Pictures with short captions
________________
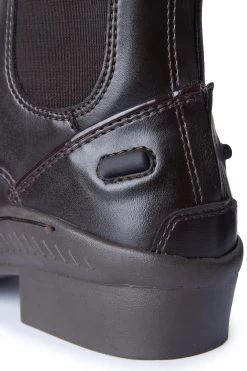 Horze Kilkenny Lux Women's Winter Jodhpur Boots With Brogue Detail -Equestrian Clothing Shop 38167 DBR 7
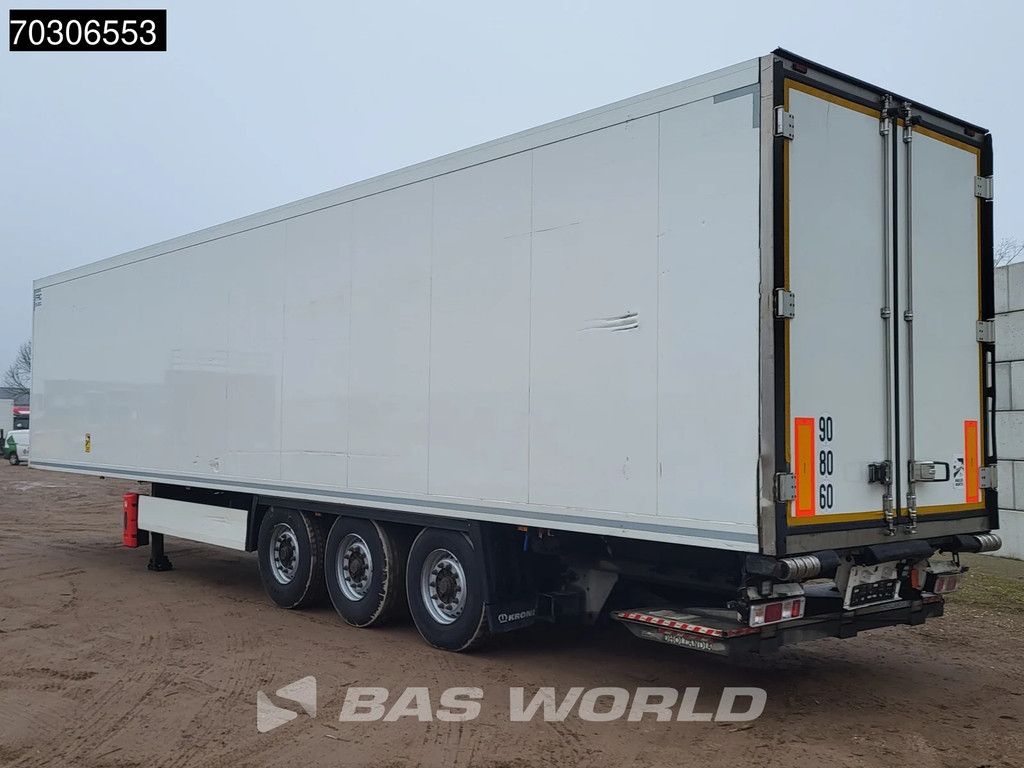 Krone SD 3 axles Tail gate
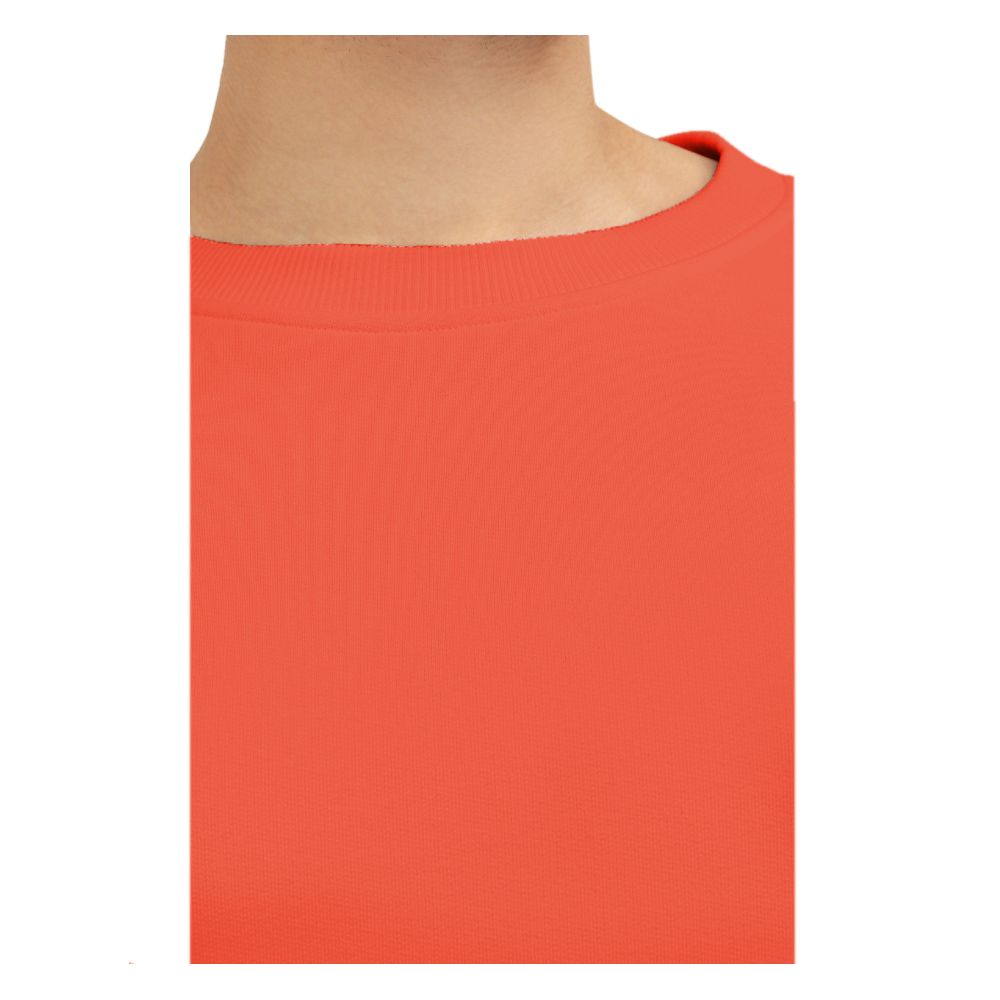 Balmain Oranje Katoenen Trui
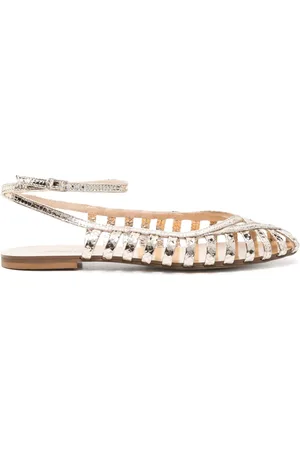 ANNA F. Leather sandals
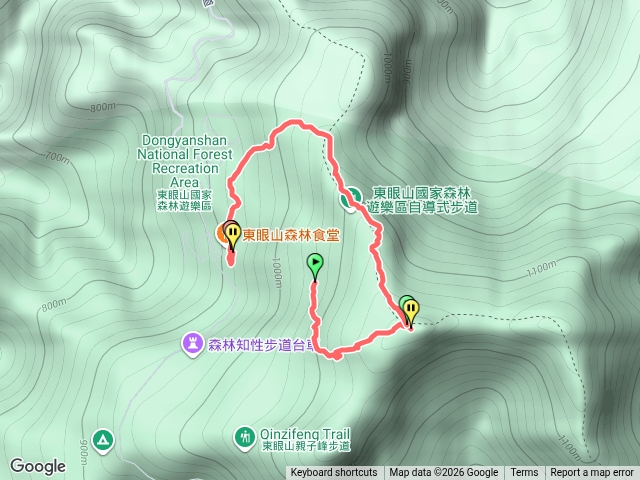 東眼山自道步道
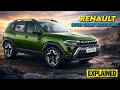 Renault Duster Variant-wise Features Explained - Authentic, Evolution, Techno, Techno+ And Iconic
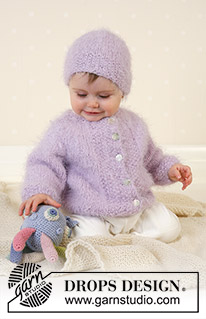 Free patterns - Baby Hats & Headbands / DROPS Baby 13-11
________________
What the exercise asks:
Keep the pictures out of your answer, which should be the lines from the one with "Balmain Oranje Katoenen Trui" through the final line of the data, copied exactly.

Exercise response:
 Balmain Oranje Katoenen Trui
 ANNA F. Leather sandals
 東眼山自道步道
 Renault Duster Variant-wise Features Explained - Authentic, Evolution, Techno, Techno+ And Iconic
 Free patterns - Baby Hats & Headbands / DROPS Baby 13-11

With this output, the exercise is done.